##### AVAILABLE DATA
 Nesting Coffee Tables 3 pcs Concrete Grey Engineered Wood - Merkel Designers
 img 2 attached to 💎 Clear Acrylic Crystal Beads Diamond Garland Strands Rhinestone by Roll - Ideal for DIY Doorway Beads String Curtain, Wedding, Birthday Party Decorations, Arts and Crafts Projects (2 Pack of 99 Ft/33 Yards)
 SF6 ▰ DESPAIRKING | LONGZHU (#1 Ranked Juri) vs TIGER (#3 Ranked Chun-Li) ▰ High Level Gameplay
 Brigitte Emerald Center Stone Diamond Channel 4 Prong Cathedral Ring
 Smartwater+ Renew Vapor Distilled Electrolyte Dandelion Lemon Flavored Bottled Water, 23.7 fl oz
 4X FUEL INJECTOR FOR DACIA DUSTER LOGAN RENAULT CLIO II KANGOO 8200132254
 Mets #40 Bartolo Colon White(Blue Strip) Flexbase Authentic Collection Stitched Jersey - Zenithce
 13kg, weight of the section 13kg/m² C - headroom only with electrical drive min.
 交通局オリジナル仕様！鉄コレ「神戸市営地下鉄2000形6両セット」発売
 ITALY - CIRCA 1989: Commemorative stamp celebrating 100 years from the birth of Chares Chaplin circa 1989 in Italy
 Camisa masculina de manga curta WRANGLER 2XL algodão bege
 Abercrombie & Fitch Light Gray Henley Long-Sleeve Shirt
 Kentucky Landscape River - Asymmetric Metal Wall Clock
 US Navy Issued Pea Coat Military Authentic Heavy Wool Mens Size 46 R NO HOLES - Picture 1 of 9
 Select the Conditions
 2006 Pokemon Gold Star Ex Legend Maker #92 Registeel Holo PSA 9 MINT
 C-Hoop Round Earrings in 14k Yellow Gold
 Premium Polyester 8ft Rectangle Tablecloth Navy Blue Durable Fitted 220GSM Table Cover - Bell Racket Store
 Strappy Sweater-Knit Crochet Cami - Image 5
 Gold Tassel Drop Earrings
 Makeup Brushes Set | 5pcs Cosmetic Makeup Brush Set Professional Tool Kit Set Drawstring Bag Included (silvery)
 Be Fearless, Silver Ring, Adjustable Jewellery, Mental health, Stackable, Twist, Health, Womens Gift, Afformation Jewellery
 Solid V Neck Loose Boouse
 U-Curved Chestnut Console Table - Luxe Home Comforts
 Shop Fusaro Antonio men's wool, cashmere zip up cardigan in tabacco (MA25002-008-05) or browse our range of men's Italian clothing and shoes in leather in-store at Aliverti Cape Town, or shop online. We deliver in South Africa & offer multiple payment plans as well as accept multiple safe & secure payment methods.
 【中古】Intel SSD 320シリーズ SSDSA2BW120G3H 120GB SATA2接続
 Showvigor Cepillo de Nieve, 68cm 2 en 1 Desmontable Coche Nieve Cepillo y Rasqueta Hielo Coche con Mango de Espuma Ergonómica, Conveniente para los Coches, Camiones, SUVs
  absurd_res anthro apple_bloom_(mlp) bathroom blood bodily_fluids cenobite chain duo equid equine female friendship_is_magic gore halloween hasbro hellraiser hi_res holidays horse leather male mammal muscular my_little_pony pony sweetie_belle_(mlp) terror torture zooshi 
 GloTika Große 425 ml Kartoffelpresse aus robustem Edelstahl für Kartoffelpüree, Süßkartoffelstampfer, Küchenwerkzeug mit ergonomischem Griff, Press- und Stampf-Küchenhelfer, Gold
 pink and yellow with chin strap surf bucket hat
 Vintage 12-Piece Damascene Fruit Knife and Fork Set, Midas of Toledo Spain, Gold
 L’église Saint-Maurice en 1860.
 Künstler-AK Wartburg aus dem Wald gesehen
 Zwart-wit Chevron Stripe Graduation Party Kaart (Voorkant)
##########
Your job is to output all of the material exactly.

 Nesting Coffee Tables 3 pcs Concrete Grey Engineered Wood - Merkel Designers
 img 2 attached to 💎 Clear Acrylic Crystal Beads Diamond Garland Strands Rhinestone by Roll - Ideal for DIY Doorway Beads String Curtain, Wedding, Birthday Party Decorations, Arts and Crafts Projects (2 Pack of 99 Ft/33 Yards)
 SF6 ▰ DESPAIRKING | LONGZHU (#1 Ranked Juri) vs TIGER (#3 Ranked Chun-Li) ▰ High Level Gameplay
 Brigitte Emerald Center Stone Diamond Channel 4 Prong Cathedral Ring
 Smartwater+ Renew Vapor Distilled Electrolyte Dandelion Lemon Flavored Bottled Water, 23.7 fl oz
 4X FUEL INJECTOR FOR DACIA DUSTER LOGAN RENAULT CLIO II KANGOO 8200132254
 Mets #40 Bartolo Colon White(Blue Strip) Flexbase Authentic Collection Stitched Jersey - Zenithce
 13kg, weight of the section 13kg/m² C - headroom only with electrical drive min.
 交通局オリジナル仕様！鉄コレ「神戸市営地下鉄2000形6両セット」発売
 ITALY - CIRCA 1989: Commemorative stamp celebrating 100 years from the birth of Chares Chaplin circa 1989 in Italy
 Camisa masculina de manga curta WRANGLER 2XL algodão bege
 Abercrombie & Fitch Light Gray Henley Long-Sleeve Shirt
 Kentucky Landscape River - Asymmetric Metal Wall Clock
 US Navy Issued Pea Coat Military Authentic Heavy Wool Mens Size 46 R NO HOLES - Picture 1 of 9
 Select the Conditions
 2006 Pokemon Gold Star Ex Legend Maker #92 Registeel Holo PSA 9 MINT
 C-Hoop Round Earrings in 14k Yellow Gold
 Premium Polyester 8ft Rectangle Tablecloth Navy Blue Durable Fitted 220GSM Table Cover - Bell Racket Store
 Strappy Sweater-Knit Crochet Cami - Image 5
 Gold Tassel Drop Earrings
 Makeup Brushes Set | 5pcs Cosmetic Makeup Brush Set Professional Tool Kit Set Drawstring Bag Included (silvery)
 Be Fearless, Silver Ring, Adjustable Jewellery, Mental health, Stackable, Twist, Health, Womens Gift, Afformation Jewellery
 Solid V Neck Loose Boouse
 U-Curved Chestnut Console Table - Luxe Home Comforts
 Shop Fusaro Antonio men's wool, cashmere zip up cardigan in tabacco (MA25002-008-05) or browse our range of men's Italian clothing and shoes in leather in-store at Aliverti Cape Town, or shop online. We deliver in South Africa & offer multiple payment plans as well as accept multiple safe & secure payment methods.
 【中古】Intel SSD 320シリーズ SSDSA2BW120G3H 120GB SATA2接続
 Showvigor Cepillo de Nieve, 68cm 2 en 1 Desmontable Coche Nieve Cepillo y Rasqueta Hielo Coche con Mango de Espuma Ergonómica, Conveniente para los Coches, Camiones, SUVs
  absurd_res anthro apple_bloom_(mlp) bathroom blood bodily_fluids cenobite chain duo equid equine female friendship_is_magic gore halloween hasbro hellraiser hi_res holidays horse leather male mammal muscular my_little_pony pony sweetie_belle_(mlp) terror torture zooshi 
 GloTika Große 425 ml Kartoffelpresse aus robustem Edelstahl für Kartoffelpüree, Süßkartoffelstampfer, Küchenwerkzeug mit ergonomischem Griff, Press- und Stampf-Küchenhelfer, Gold
 pink and yellow with chin strap surf bucket hat
 Vintage 12-Piece Damascene Fruit Knife and Fork Set, Midas of Toledo Spain, Gold
 L’église Saint-Maurice en 1860.
 Künstler-AK Wartburg aus dem Wald gesehen
 Zwart-wit Chevron Stripe Graduation Party Kaart (Voorkant)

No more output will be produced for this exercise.